Phthalate endocrine-disrupters: Common household chemicals found in dust may trigger obesity

Are your kids stacking on the kilos, but you’re not sure why? Researchers in the US have found a link to something found in every single household.

Household chemicals and plastics may be causing everything from obesity in children through to infertility in dogs - and men.
Researchers have been sifting through the dust that accumulates in everyone’s homes. And they’ve been discovering some weighty issues.

Duke University researchers have published a study with the Endocrine Society in which they found common household chemicals — such as detergents, cleaners, paints, cosmetics and plastics — attached to many of the minuscule flecks of dust floating around household rooms.

These chemicals, however, are often endocrine-disrupters.

This means they are compounds that mimic human hormones.

And such hormones can trigger our bodies’ natural mechanisms to start packing away fat.

But their most worrisome finding is whom this is affecting the most: the children crawling around floors and sticking their grotty fingers in their mouths.

Children playing in the home can ingest up to 100 milligrams of contaminated dust every day.
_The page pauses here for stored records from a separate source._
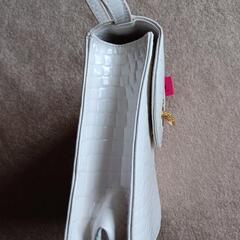 キティ　ホワイトバッグの画像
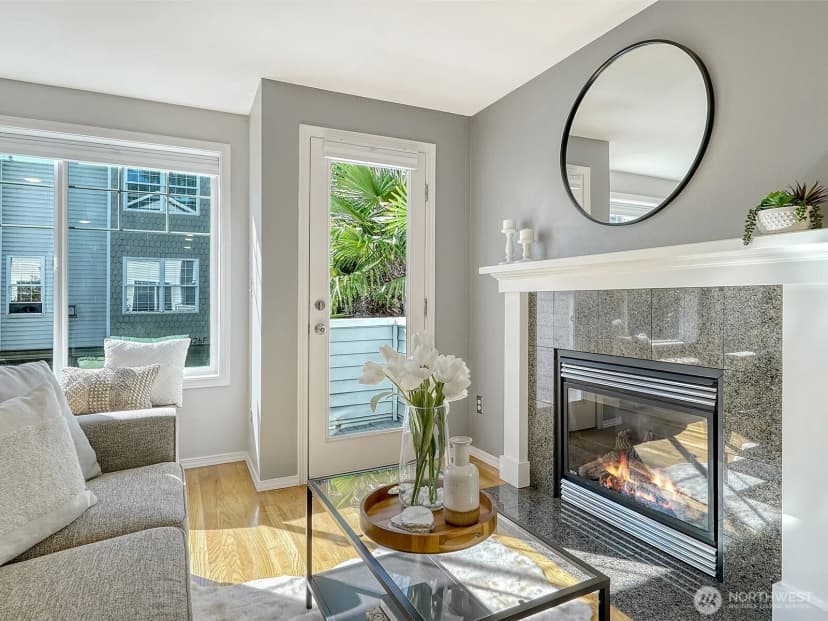 Property photo for 8529 Midvale Avenue N #c, Seattle photo 7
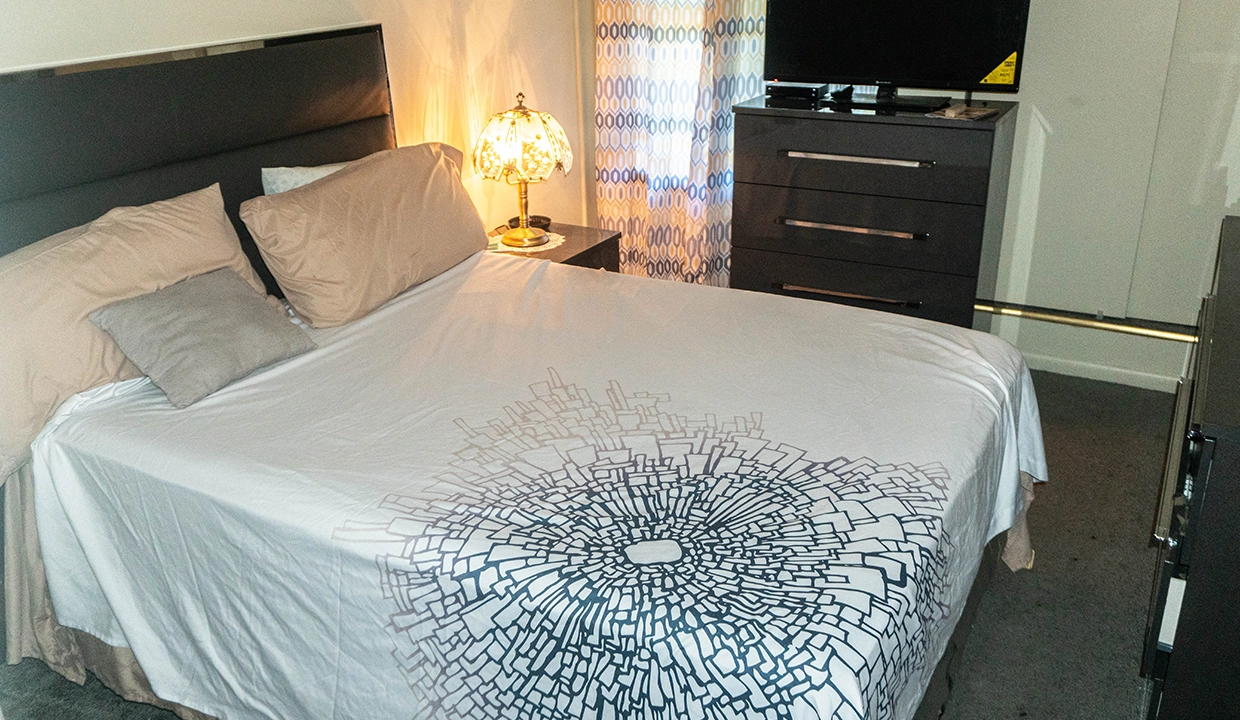 ParkDriveManorTwo-Bedroom01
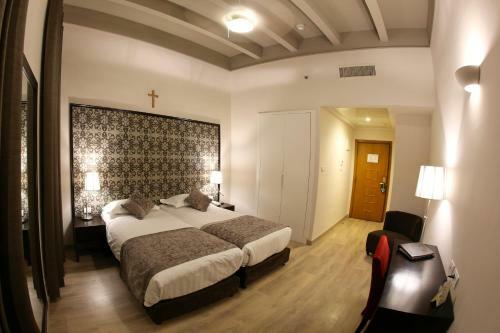 Hotel Notre Dame Center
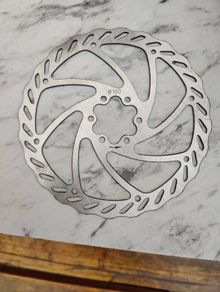 Brake disc new 180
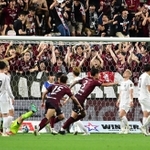 神戸-札幌　後半、神戸のトゥーレル（３）が同点ゴールを決める（撮影・中西幸大）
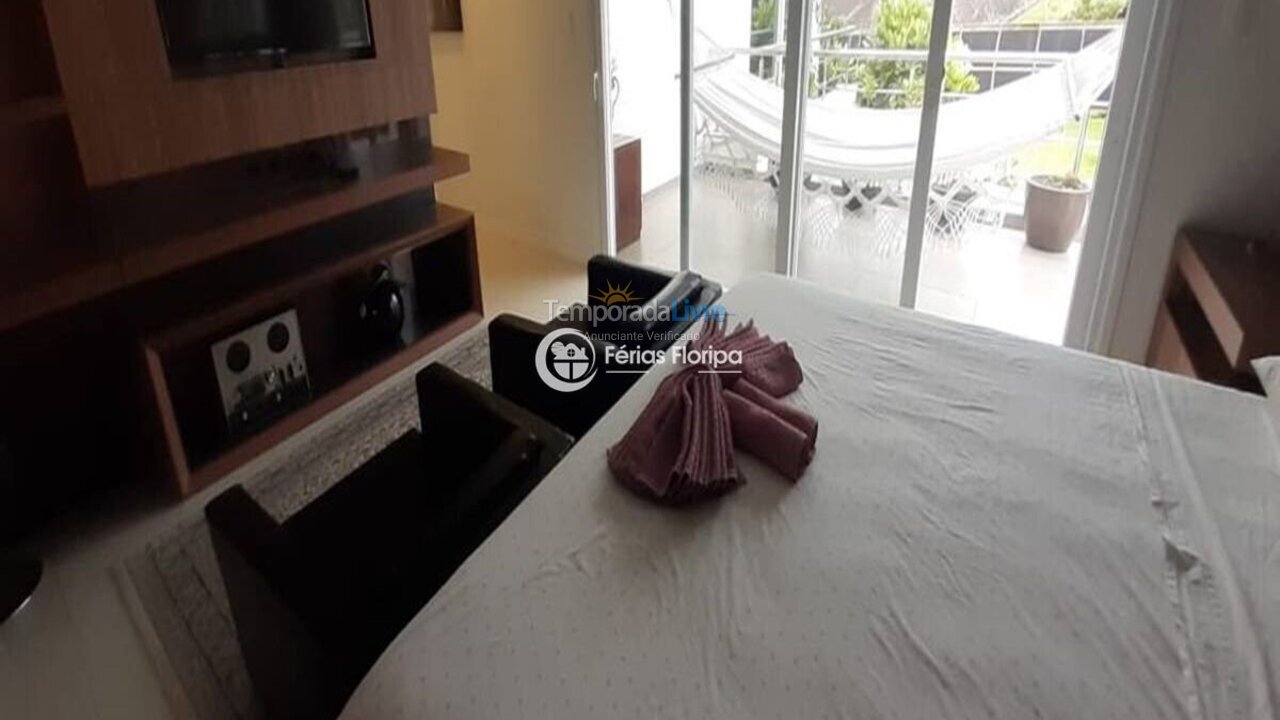 Casa para aluguel de temporada em Florianopolis (Campeche)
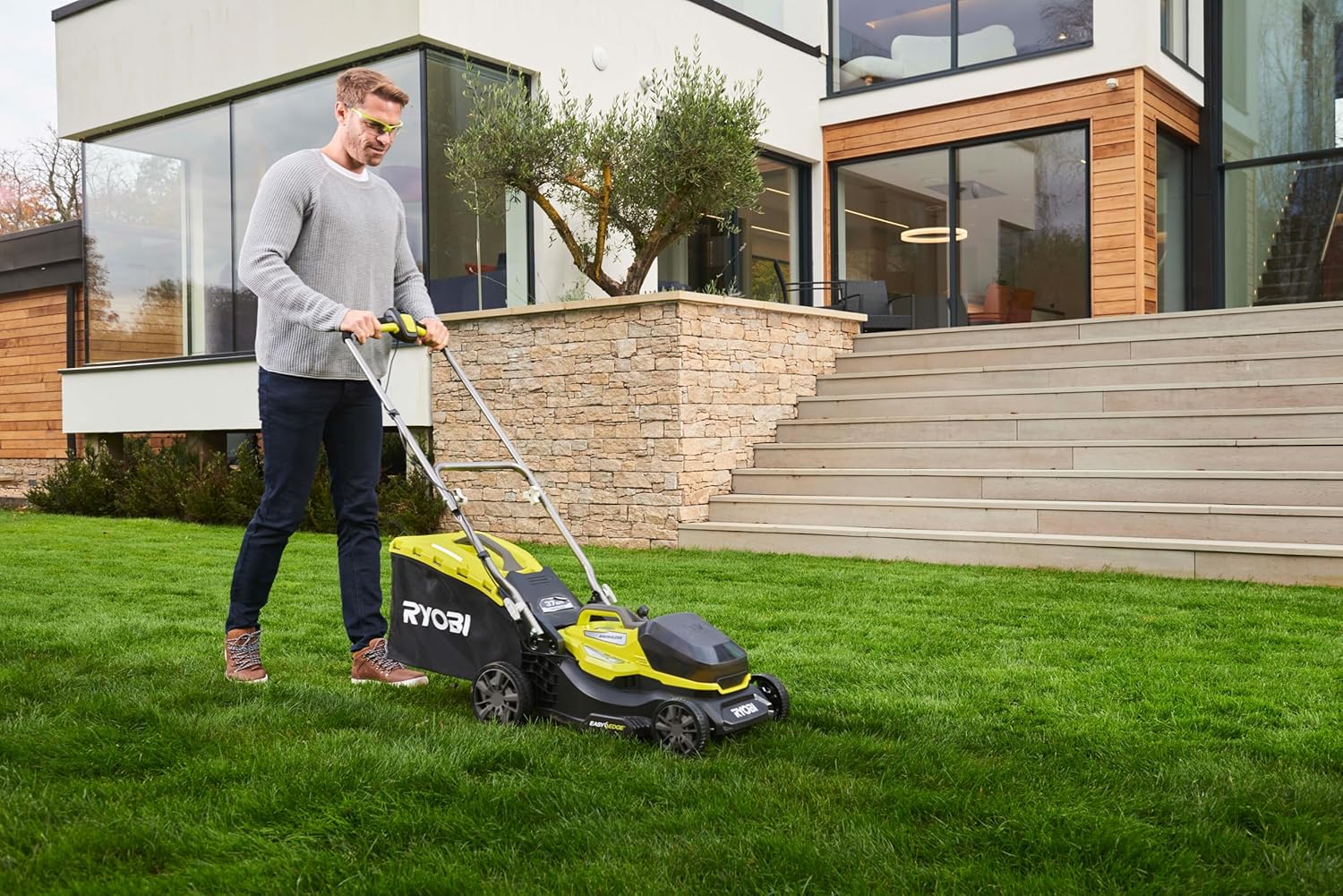 Tondeuse 18 Volts ONE+™ Brushless Ø 37 cm - 2 batteries 4,0Ah - RY18LMX40A-240 – Image 6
This is some of the first research investigating links between exposure to chemical mixtures present in the indoor environment and metabolic health of children living in those homes, says researcher Dr Christopher Kassotis of the Nicholas School of the Environment.
We found that two thirds of dust extracts were able to promote fat cell development and half promote precursor fat cell proliferation at 100 micrograms, or approximately 1000 times lower levels than what children consume on a daily basis.

Young children are believed to consume somewhere between 60 and 100 milligrams of dust every day.
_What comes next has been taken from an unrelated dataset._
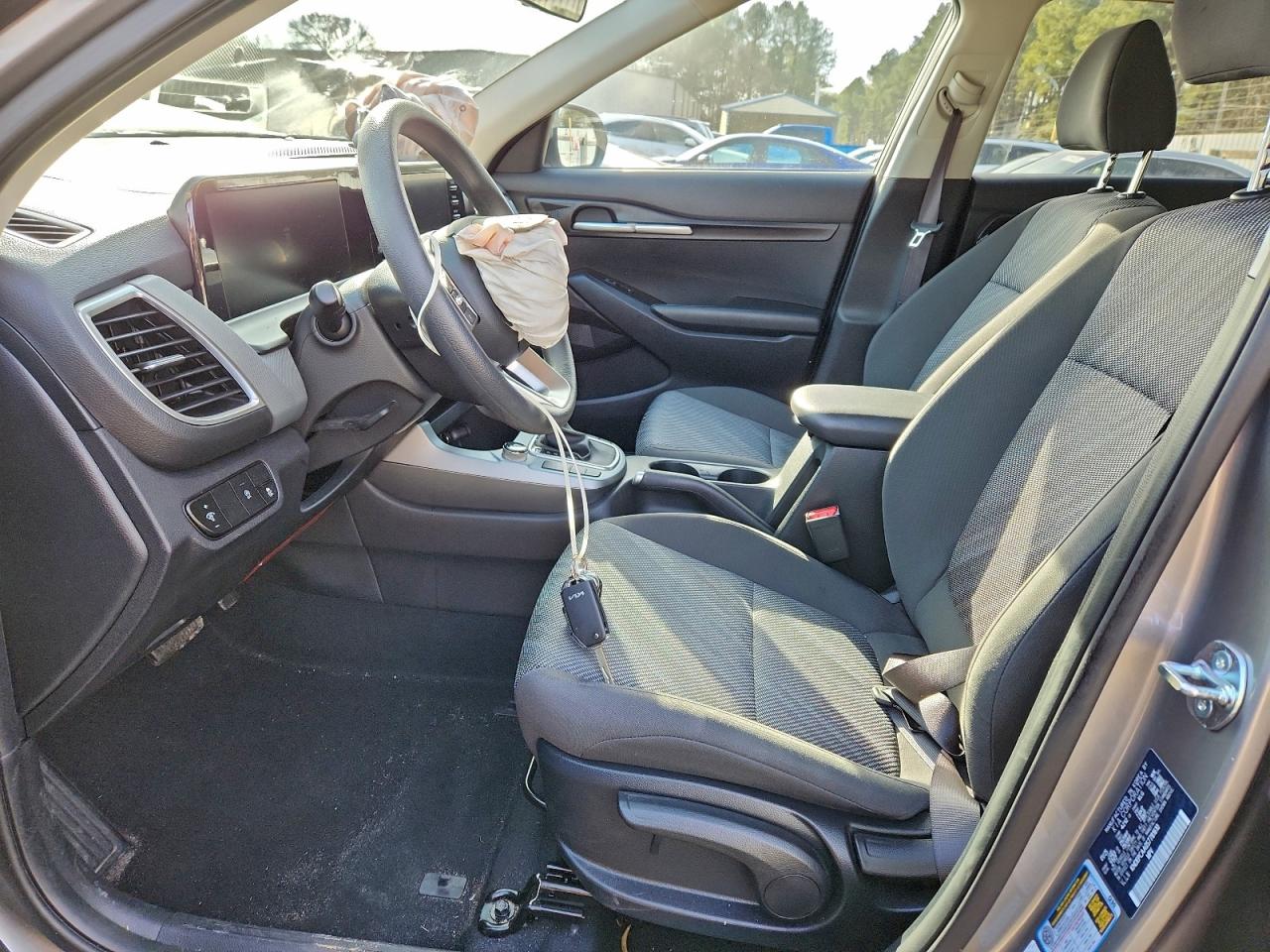 2025 KIA SELTOS LX photo 7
It’s previously been shown some endocrine-disrupting household products — which contain the chemical category called phthalates — could cause fat cells to gather triglycerides (fats) circulating in the blood. These are then stored until other hormones trigger their release back into the blood stream as an energy source.

This study adds further weight to the understanding of the issue.
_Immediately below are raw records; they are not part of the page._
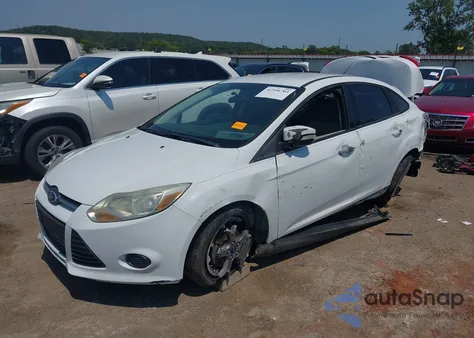 2014 Ford Focus Se z USA, uszkodzony, nr VIN 1FADP3F22EL163834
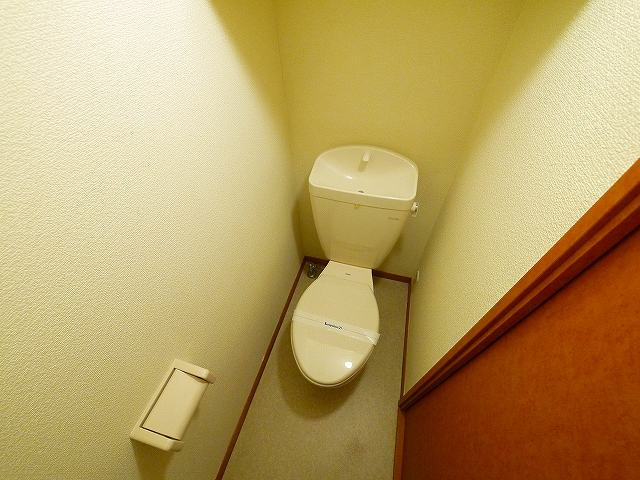 トイレ　落ち着いた色調のトイレです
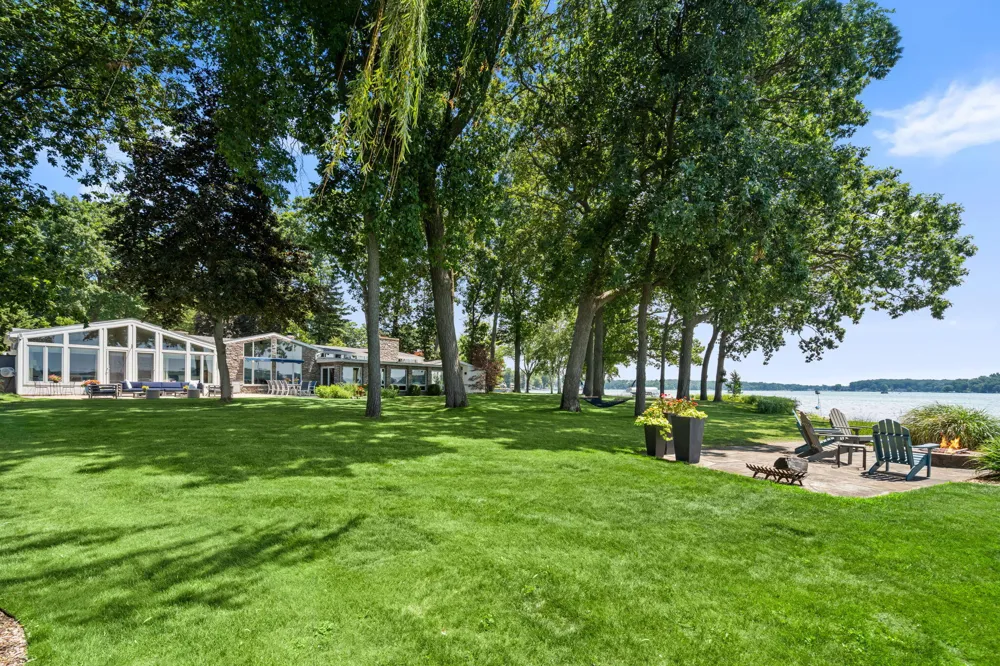 3052 Oakdale Avenue Hickory Corners, MI 49060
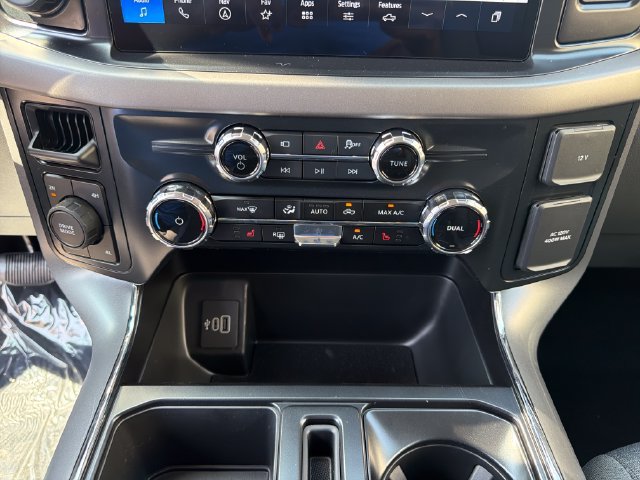 New 2026 Ford F150 XLT w/ Equipment Group 302A MID AWD/4WD image 31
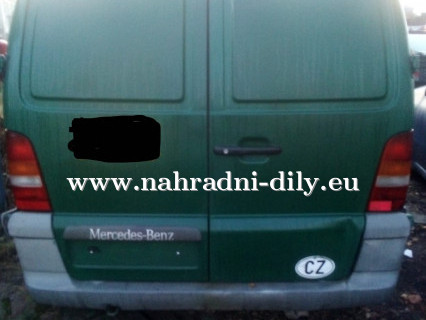 MB Sprinter zelená na náhradní díly Pardubice / nahradni-dily.eu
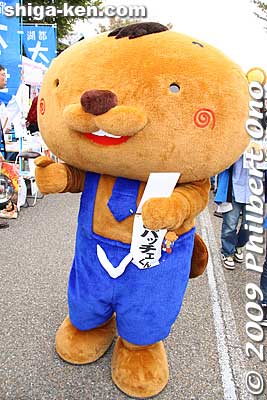 Vivace-kun is a beaver promoting Viva City shopping mall in Hikone, Shiga. ビバッチェくん (滋賀　彦根市）
Keywords: hikone shigamascot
Some 200 North Carolina homes were sampled for dust. More than 100 chemicals were identified in them later in the lab. About 70 of these had a significant influence no the development of fat cells.

This suggests that mixtures of chemicals occurring in the indoor environment might be driving these effects, Kassotis said.

The study warns that even relatively low concentrations of these phthalate chemicals in dust can trigger the production of precursor fat cells.

The researchers are continuing their study to pinpoint the exact household products producing this contamination.

Phthalates have been linked to a wide range of issues, ranging from fertility problems, and liver disease through to some cancers.